(GIVEN MATERIAL):
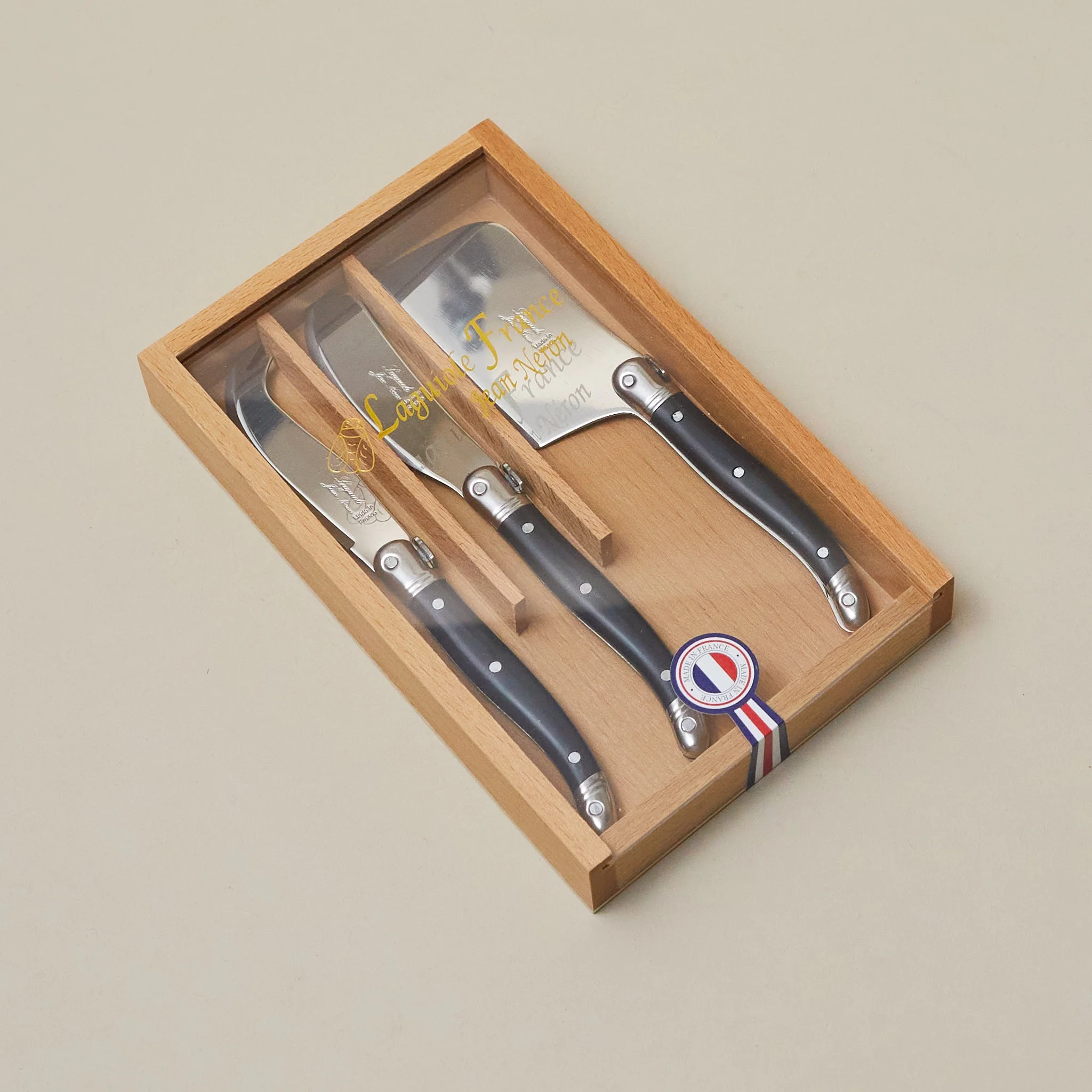 Elegant Laguiole 3 Piece Mini Cheese Utensil Set Black in Wood Box with Acrylic Lid Minimalist
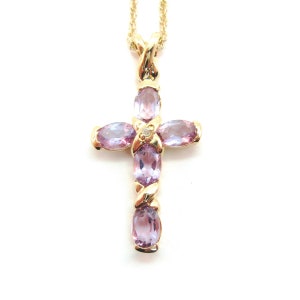 Amethsyt Cross Pendant with GEP setting and 18&quot; Cable Chain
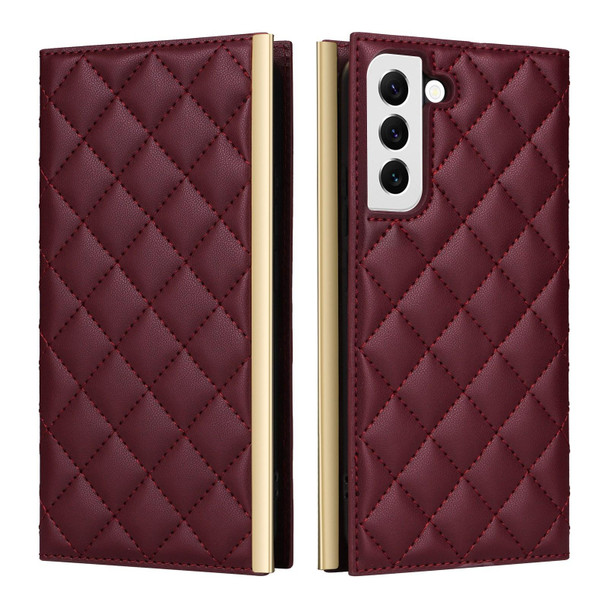 For Samsung Galaxy S21 FE 5G Crossbody Rhombic Sucker Leather Phone Case(Claret)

(WORK INSTRUCTIONS): The result should be the same data as above, line for line, with the pictures gone.

(SOLUTION TO THIS TASK):
 Elegant Laguiole 3 Piece Mini Cheese Utensil Set Black in Wood Box with Acrylic Lid Minimalist
 Amethsyt Cross Pendant with GEP setting and 18&quot; Cable Chain
 For Samsung Galaxy S21 FE 5G Crossbody Rhombic Sucker Leather Phone Case(Claret)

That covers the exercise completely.